Invoices, Catalogs, Proposals, Checks, Emails, Manuals, Statements, Spreadsheets, Packing Slips, Purchase Orders, PDFs – keys to a business functioning day in and day out. With information being in all different forms in today’s Information Age, companies needs to have a document strategy.
No matter how people define a document, they are a key basis of business revenue as well as expense. As information switches from paper to email and computer screens, companies that have an effective document-centric strategy will have an advantage in this crazy and ever changing “Information Age.” Developing, implementing, and managing a document strategy in an organization is not easy and will vary for each organization, but here is the way to put you in the right mindset to develop a great document strategy for your organization.
1. Think of a document strategy as your business strategy. For a document strategy to be right for your company, it should be able to support your components of your corporate goals.
- Basic elements of a company’s corporate strategy are: increase productivity, increase revenue, decrease costs, decrease effort, reduce headcount, and increase customer satisfaction.
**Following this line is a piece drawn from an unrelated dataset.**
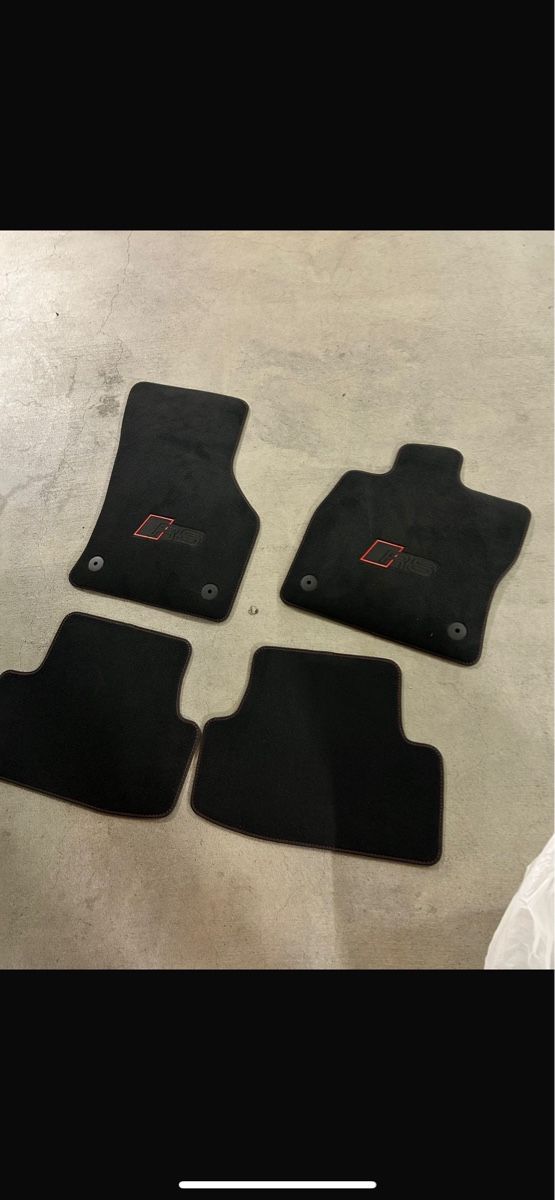 Audi Tappeti & Tappetini: Audi RS3 8Y/8V Originale Fussmatten – Nuovo (secondo la descrizione) da Wangen SZ venduto da Mil_9gpm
Your document strategy should align with these elements.
- What is your business – the reason you exist?
- Currently, do all your employees from Executives to entry-level understand, support, and demonstrate during their work the company’s strategic goals?
2. Once you figure which elements of your business strategy you want your document strategy to model, you need ask yourself: Currently, where is company at, and where does your company need/want to go? Answering the questions below, you will start to assess different needs and wants. Ask your employees these questions and see the different responses.
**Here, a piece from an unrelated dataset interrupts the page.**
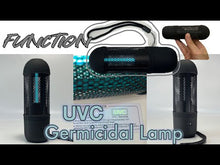 Load and play video in Gallery viewer, B05-01 UVC Germicidal Lamp Wireless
- What areas needs to be addressed? What are the most important objectives you see currently and see will impact the company in the future?
- How are these areas of need being managed and addressed currently? Are there initiatives underway to achieve these objectives?
- One these areas are improved, how do you measure the success and make sure the changes are maintained?
3. Once you figure which elements of your business strategy you want your document strategy to model, you need to assess your documents, your employees, and your technology.
- Documents: Which documents are keys to the success of your company? Are there problems with these documents currently? Are there solutions or workflows in place currently for these key documents?
- Employees: Who is uses the key documents in your organization the most? What problems do these people have obtaining and using documents? Will your employees sponsor, support, and react to change? Will employees have objections to change? How will you assess employees are using new strategies?
- Technology: What type of technology is currently used to create, retrieve, and use key documents? Does current technology create problems or solutions when it comes to documents? Will new technology be needed to achieve your aligned document and business strategy?